Supported Modules: Only random, math, statistics, datetime, and string are supported in the browser. For any other modules or more complex libraries, please use a local IDE.
Import detection
Python Educator automatically checks whether the code uses imports. If the code uses modules other than the supported ones listed above, the tool will disable the run button and prompt you to download and run the program on a local Python installation.
Display Mode
Display Mode is designed for teaching and explaining code. In Display Mode, the editor becomes a cleaner code display with syntax highlighting. The code cannot be edited directly in this mode.
Display Mode includes: line highlighting, step-by-step execution, automatic play mode, variable tracking, call trace display, input handling, recursion-friendly call tracing. Use Display Mode when explaining how an algorithm works line by line.
Step-by-step tracing
In Display Mode, use these buttons:
| Button | What it does |
| Play | Runs through the trace automatically |
| Pause | Pauses automatic tracing |
| Step | Moves forward one step |
| Back | Moves back one step |
| Reset | Restarts the trace |
As the program runs, the current line is highlighted. The output, variables, and function calls are updated as the code progresses.

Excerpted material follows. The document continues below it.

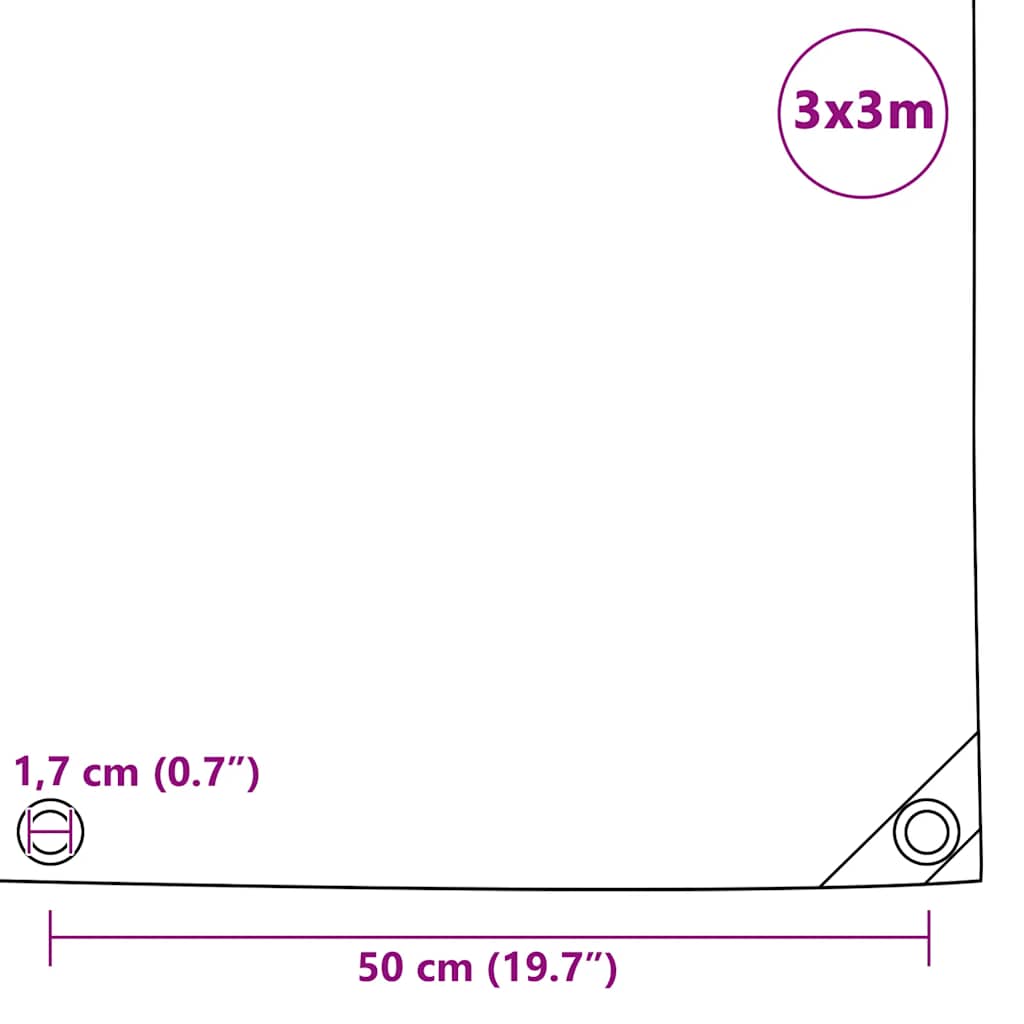 szürke takaróponyva 650 g/m² 3 x 3 m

Variables & Call Trace panels
The Variables panel shows the current values of variables while the program is being traced. This is useful for explaining: counters, totals, loop variables, list values, function parameters, return values.
The Call Trace panel shows function calls as they happen. This is especially useful for teaching: functions, parameters, return values, recursion, the call stack.

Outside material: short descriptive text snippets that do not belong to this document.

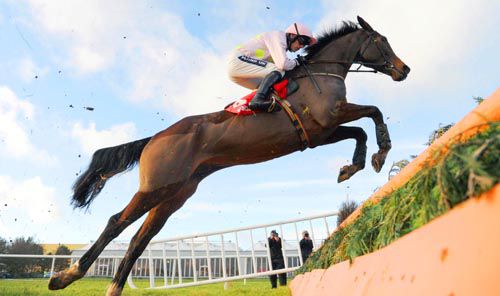 Vesper Bell soars over a fence at Punchestown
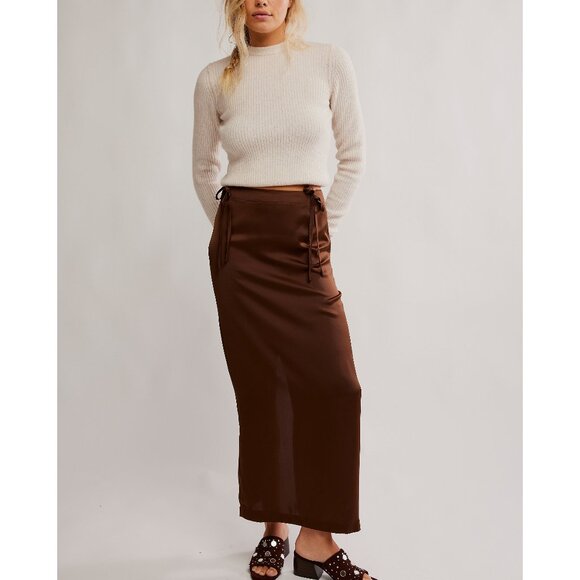 Free People Dresses & Skirts - FREE PEOPLE Rosetto Column Satin Maxi Skirt / Potting Soil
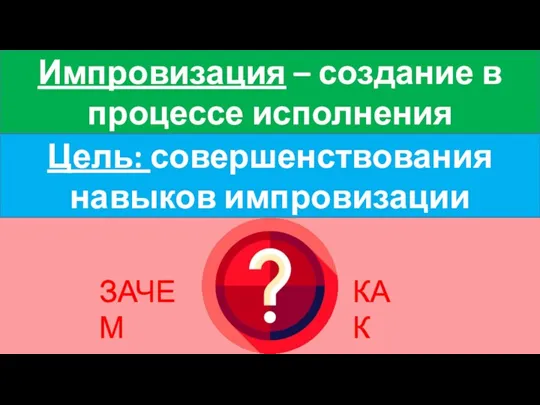 Импровизация – создание в процессе исполнения Цель: совершенствования навыков импровизации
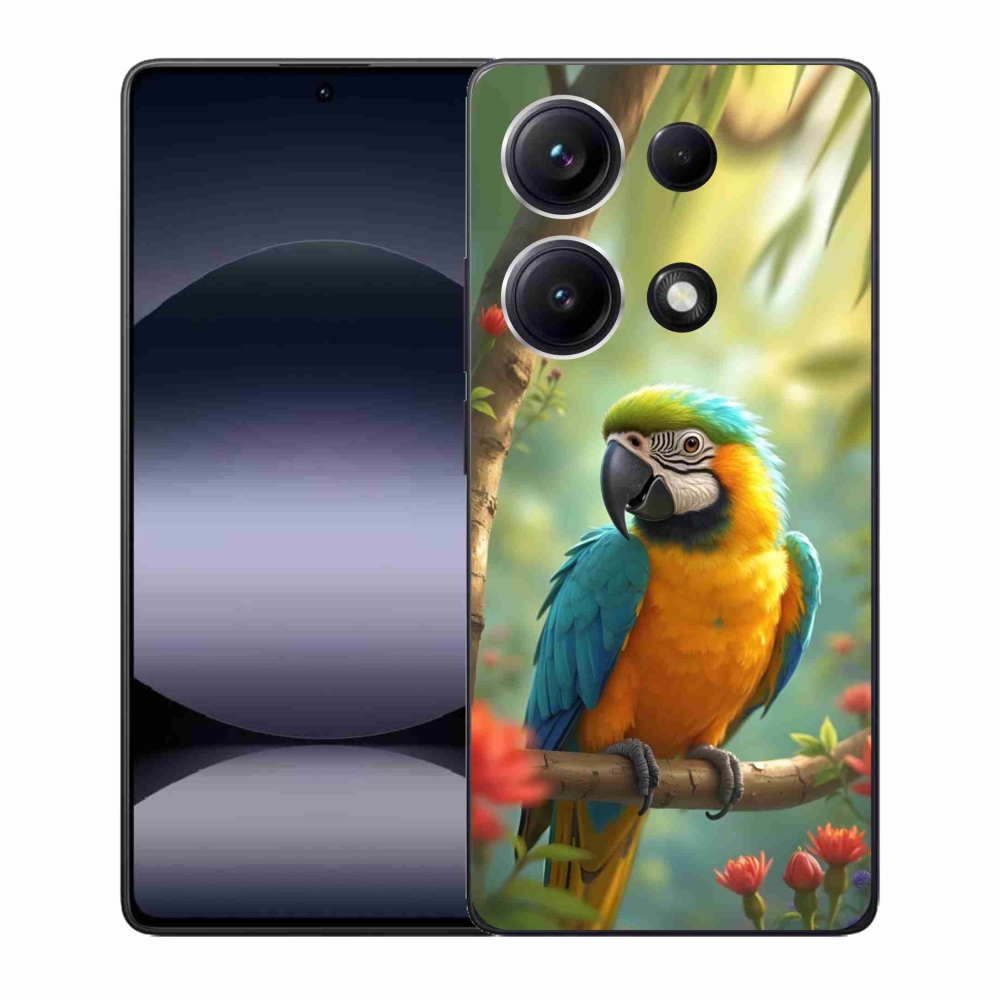 Gél borítás mmCase a Xiaomi Redmi Note 14S-hez - papagáj ara kék és sárga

For recursive functions, the tool attempts to show when the function is going deeper, when the base case is reached, and when values are returned.
Input in Display Mode
If the program uses input(), the trace will pause and ask for a value. Type the value into the input box and click Submit, or press Enter. The trace will then continue using that input.

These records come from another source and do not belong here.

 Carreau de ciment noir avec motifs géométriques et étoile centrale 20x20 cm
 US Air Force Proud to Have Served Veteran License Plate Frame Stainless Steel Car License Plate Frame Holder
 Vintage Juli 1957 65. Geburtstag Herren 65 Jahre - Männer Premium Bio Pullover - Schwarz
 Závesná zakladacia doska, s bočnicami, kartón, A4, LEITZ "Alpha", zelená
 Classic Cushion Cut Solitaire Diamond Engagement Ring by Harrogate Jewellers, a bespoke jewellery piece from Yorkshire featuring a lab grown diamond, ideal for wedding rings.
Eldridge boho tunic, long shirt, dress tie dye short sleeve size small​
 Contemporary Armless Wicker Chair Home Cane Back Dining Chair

Copying and downloading code
Use Copy to copy the current code to the clipboard, Download .py to save it as a Python file, or Download .txt to save it as a text file. This is useful if students need to paste the code into another editor or submit it elsewhere.
Making a puzzle
Click Make Puzzle to turn the current code into a code-ordering puzzle. This opens the code in the reorder activity: https://jamesabela.github.io/jsfun/reorder.html. This is useful for checking whether students understand the correct sequence of an algorithm.
Copy for Docs
The Copy for Docs button is designed to copy your Python code with full syntax highlighting, line numbers, and proper formatting so it looks perfect when pasted into Microsoft Word or Google Docs.
This is ideal for creating worksheets, assessments, or documentation.
⚠️ IMPORTANT: Do NOT use this button if you intend to paste the code into an IDE (like IDLE, VS Code, or PyCharm). The formatting and line numbers will break the code and cause syntax errors. Use the standard Copy Code button instead.
Display options
The top toolbar includes several display controls:
| Control | Purpose |
| Edit Mode / Display Mode | Switches between editing and teaching views |
| Light / Dark | Changes the page theme |
| Font size slider | Makes the code smaller or larger |
| Full Screen | Shows the tool full screen for teaching |
Teacher use cases
Teachers can use Python Educator 2.0 to: demonstrate standard algorithms, explain code line by line, show how variables change, teach loops, selection, functions, and recursion, create code-ordering puzzles, share code examples using a URL, present Python clearly on a large screen.
Student use cases
Students can use it to: experiment with Python code, run short programs in the browser, trace algorithms step by step, check how variables change, copy or download working examples, practise rearranging code into the correct order.
Important limitations
Python Educator 2.0 runs Python in the browser, so it is best for short teaching examples and algorithm demonstrations. Programs that use unsupported imports, external files, graphics libraries, or complex packages should be downloaded and run in a local Python environment instead.